Again, I keep hearing 4.5% of GDP is due to housing... a very easy term to throw around. I'd argue a whole class of people have been keeping their head above water due to an asset (their homes) inflated to unsustainable levels - this allowed them to extract equity to live their lifestyle - as their costs increases at levels 2-3x their wage gains. Now that this game is over - what does 2008-2009 portend for the "80%"?
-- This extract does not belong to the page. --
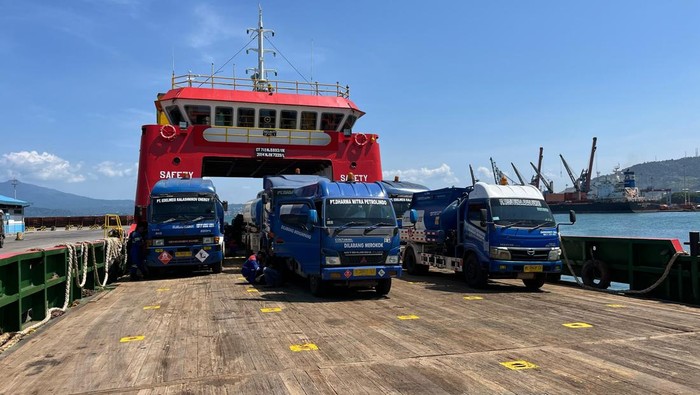Pengiriman BBM melalui IT Panjang di Bengkulu oleh Pertamina Patra Niaga Sumbagsel.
I think this 'bailout' is just step 1... much much more than 4.5% of GDP is reliant on home prices remaining at inflated prices. This will be an interesting time - watching politicos do everything in their power from stopping the free market from working, and keeping asset prices that much of our consumerism is reliant on from dropping much further.... all with a background of growing worldwide shortages [A World of Shortages]- and hence sustainable inflation, whatever the Fed does or not do. I know I sound like a dismal scientist, and quite the downer - but I just find it hard to see the US not seeing a major slowdown in the year ahead. The tech bubble, while painful for the investor class and pieces of the 'working class' who started buying tech mutual funds in their 401k was one thing. The equivalent of a tech bubble in the real estate market which impacts much more of the people is a whole different animal. Forget Iraq, the economy will BE the end all and be all issue for the 2008 presidential election.